Simple A3C implementation with pytorch + multiprocessing
https://mofanpy.com
MIT License
621 stars 142 forks source link

Process hangs at res_queue.get() in Linux #22

Open rons613 opened 2 years ago

rons613 commented 2 years ago

In discrete_A3C.py, the res_queue.get() in the main function hangs for a very long time (possibly forever) in Linux, but the entire code works perfectly fine on Windows.
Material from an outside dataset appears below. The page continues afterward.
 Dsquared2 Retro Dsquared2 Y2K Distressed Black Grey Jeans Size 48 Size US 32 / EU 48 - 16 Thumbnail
workers = [Worker(gnet, opt, global_ep, global_ep_r, res_queue, i) for i in range(mp.cpu_count())]
[w.start() for w in workers]
res = []                    
    while True:
        print('Last printed checkpoint. Printed only during first iteration of while loop')
        r = res_queue.get()
        print('This line is never printed.')
        if r is not None:
            res.append(r)
        else:
            break
[w.join() for w in workers]

No errors are thrown, so presumably Pytorch is installed correctly and working. By inserting print() statements at various checkpoints in the code snippet above (and in the Worker class constructor function) reveals that the code never moves past the very first call to res_queue.get(). Is anyone else having this same problem on Linux?
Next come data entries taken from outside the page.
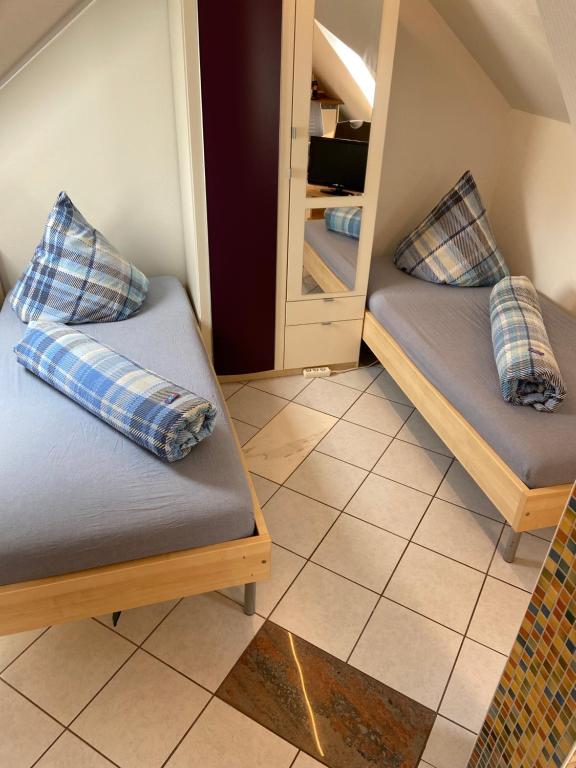 Ferienwohnungen Rehn - Studio Apartment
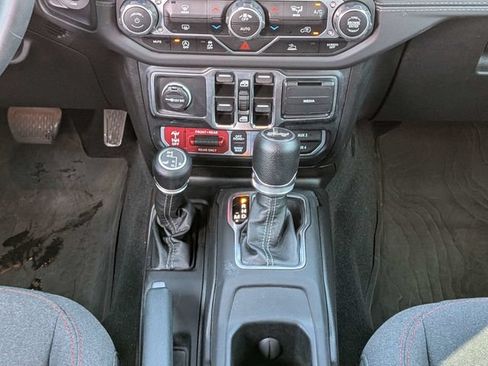 Certified 2024 Jeep Wrangler Unlimited Rubicon AWD/4WD image 21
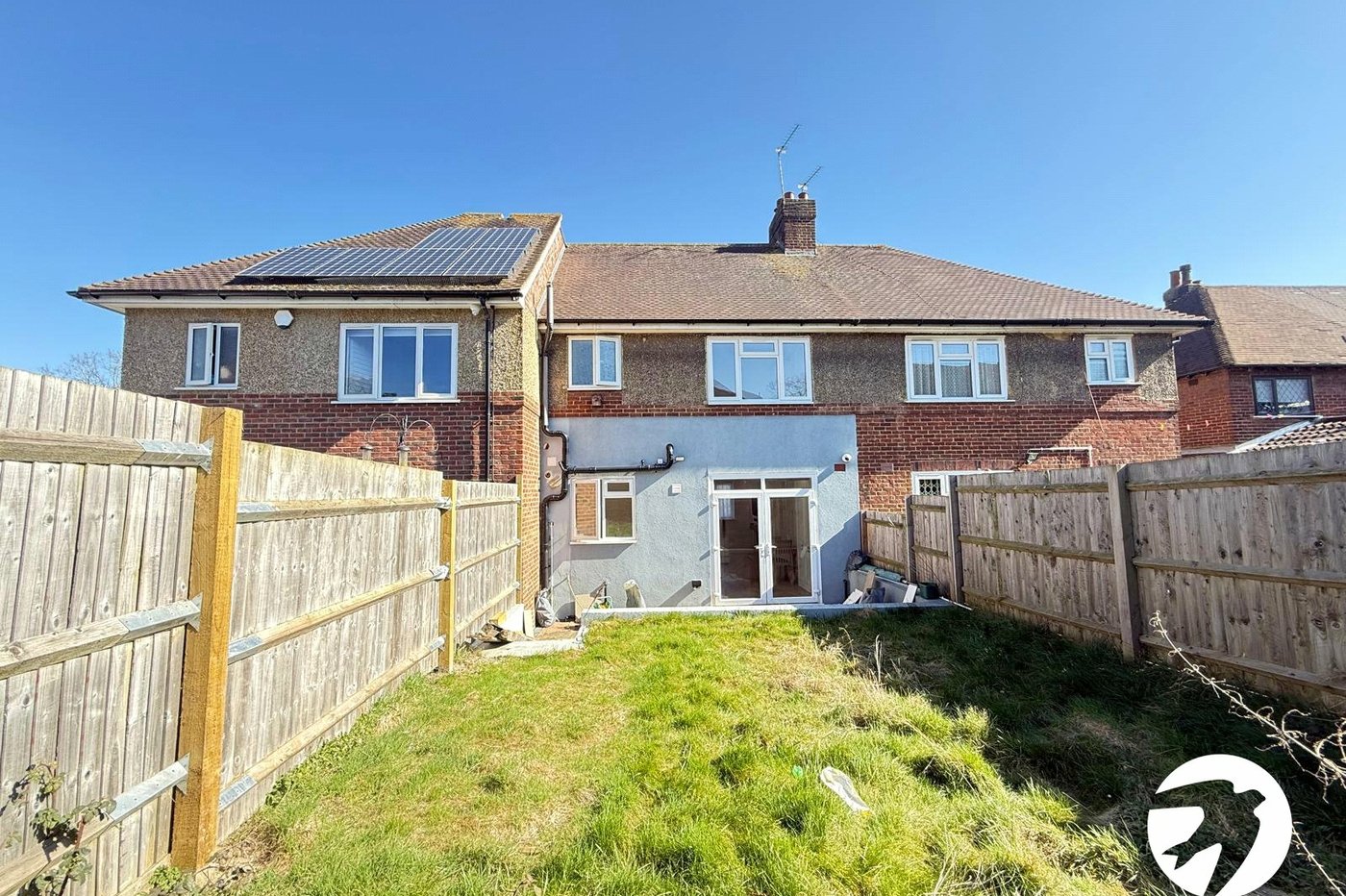 3 bedroom house for sale in London | Robinson Jackson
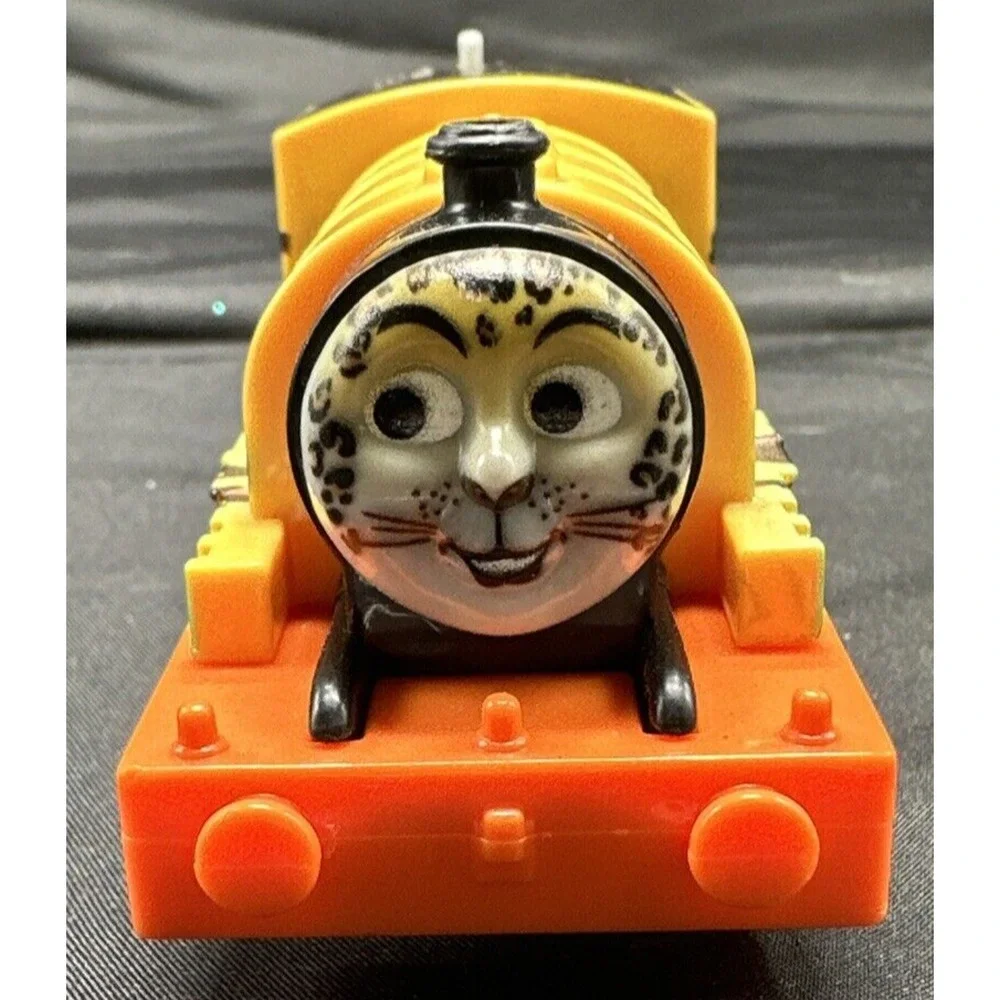 MOTORIZED Trackmaster Thomas & Friends Train Tank - Animal Party Leopard Percy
sunshinesmilelk commented 2 years ago

I have the same problem on Windows

rons613 commented 2 years ago

I have the same problem on Windows

For me, there was no major problem in Windows 8.1 nor 10 Pro. The only issue I had was that when I plugged in my custom environment, an instance of it would be spawned two times and the workers would gradually come on one at a time. Are you running the exact Cartpole code on Windows and getting this problem, or is the code modified in some way?